Atmosfere Giren Işığın Macerası

Atmosfer bizleri uzaydaki sessizlikten, soğuktan ve karanlıktan koruyan örtümüzdür. Bu örtümüz sadece tek başına elbette yeterli değildir. Öyle ki atmosferin oluşmasında yine uzayın derinliklerinde bulunan güneşe ihtiyacı vardır. Peki bizler yeryüzünde yaşayan canlılar hatta cansız yapılarımızı korurken ne gibi faydalar sağlıyor.

Milyonlarca ötede bulunan güneşimiz bizlere her saniye gönderdiği ışınlar atmosfere giriş yaptığı an itibariyle ne gibi değişimlere uğruyor, güneş ışınlarının tamamı dünyaya ulaşıyor mu, atmosfer güneş ışınlarını yansıtıyor mu. Gelin atmosfere giren ışınların nelere uğradığına bakalım.

100 Işın demetindeki kayıplar

Şöyle bir örnek üzerinden gidecek olursak; güneşten 100 adet fotonları yani ışınları inceleyelim. Bu ışın demetimi atmosfere giriş yaptıktan bir süre sonra bulutlar ve atmosferin etkisiyle 25 tanesi uzaya geri gönderilir. 25 tanesi ise atmosfer içerisinde dağılır biz buna difüzyon deriz. 15 tanesi atmosfer tarafından emilir bizler buna absorbe deriz. 8 tanesi yeryüzüne çarpıp uzaya geri gönderilir geriye kalan 27 tanesi ise yeryüzünü ısıtır.

Işığın kırılıp yansıma olayına refleksiyon deriz peki ama nasıl?

Refleksiyon Nedir

Atmosferi biliyoruz içinde belli başlı hava bulunan bir gaz katmanı eğer atmosfer yazımızı okumadıysanız hemen şuradan gidebilirsiniz. Neyse reklamı geçelim. Atmosfer içindeki gazlar güneşten gelen ışınları az da olsa belli bir açıyla kırabilmektedir. Bulutlar ise daha acımasız bir şekilde yansıtır işte tam da bu olaya refleksiyon olayı gerçekleşir. Bulutlardan geçemeyip ipsiz bucaksız uzayın derinliklerine gönderilen bu ışınlara ise Albedo ismi verilir.

Difüzyon Nedir

Güneşten gelen ışınların dalga boyları ile atmosferde bulunan gaz moleküllerin çapları arasındaki ilişkiye bağlı dağılımlara denir.

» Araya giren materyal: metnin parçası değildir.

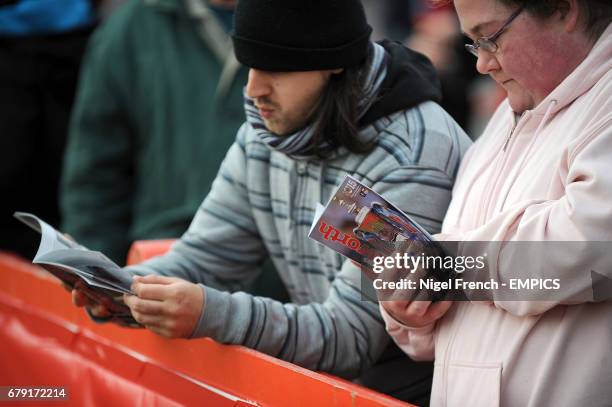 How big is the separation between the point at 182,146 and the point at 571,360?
2.76m

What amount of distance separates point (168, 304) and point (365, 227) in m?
0.56

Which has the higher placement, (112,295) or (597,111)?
(597,111)

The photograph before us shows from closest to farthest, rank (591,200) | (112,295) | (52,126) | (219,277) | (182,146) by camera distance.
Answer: (591,200)
(112,295)
(219,277)
(182,146)
(52,126)

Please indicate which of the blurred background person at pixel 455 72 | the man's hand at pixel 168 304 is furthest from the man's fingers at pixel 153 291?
the blurred background person at pixel 455 72

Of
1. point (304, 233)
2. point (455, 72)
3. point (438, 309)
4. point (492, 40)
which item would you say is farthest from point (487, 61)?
point (455, 72)

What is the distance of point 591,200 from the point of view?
179 cm

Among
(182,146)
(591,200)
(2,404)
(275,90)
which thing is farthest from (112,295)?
(182,146)

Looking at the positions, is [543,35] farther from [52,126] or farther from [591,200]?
[52,126]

Öyle ki atmosferin gözümüze mavi görünmesi ya da güneşin sarı renkte görünmesi bu olayın meydana getirdiği süreçle ilgilidir.

Absorbsiyon Nedir

Atmosferin ve yeryüzündeki karaların ve denizlerin ışınları emmesi olayıdır. Sıvıların saydam oluşundan kaynaklı yeryüzündeki hidrografyalar ışınları 200 metre kadar derinliklere kadar ulaştırabilmektedir. Ancak aynı şeyi karalar üzerinde beklememiz mümkün olmamaktadır.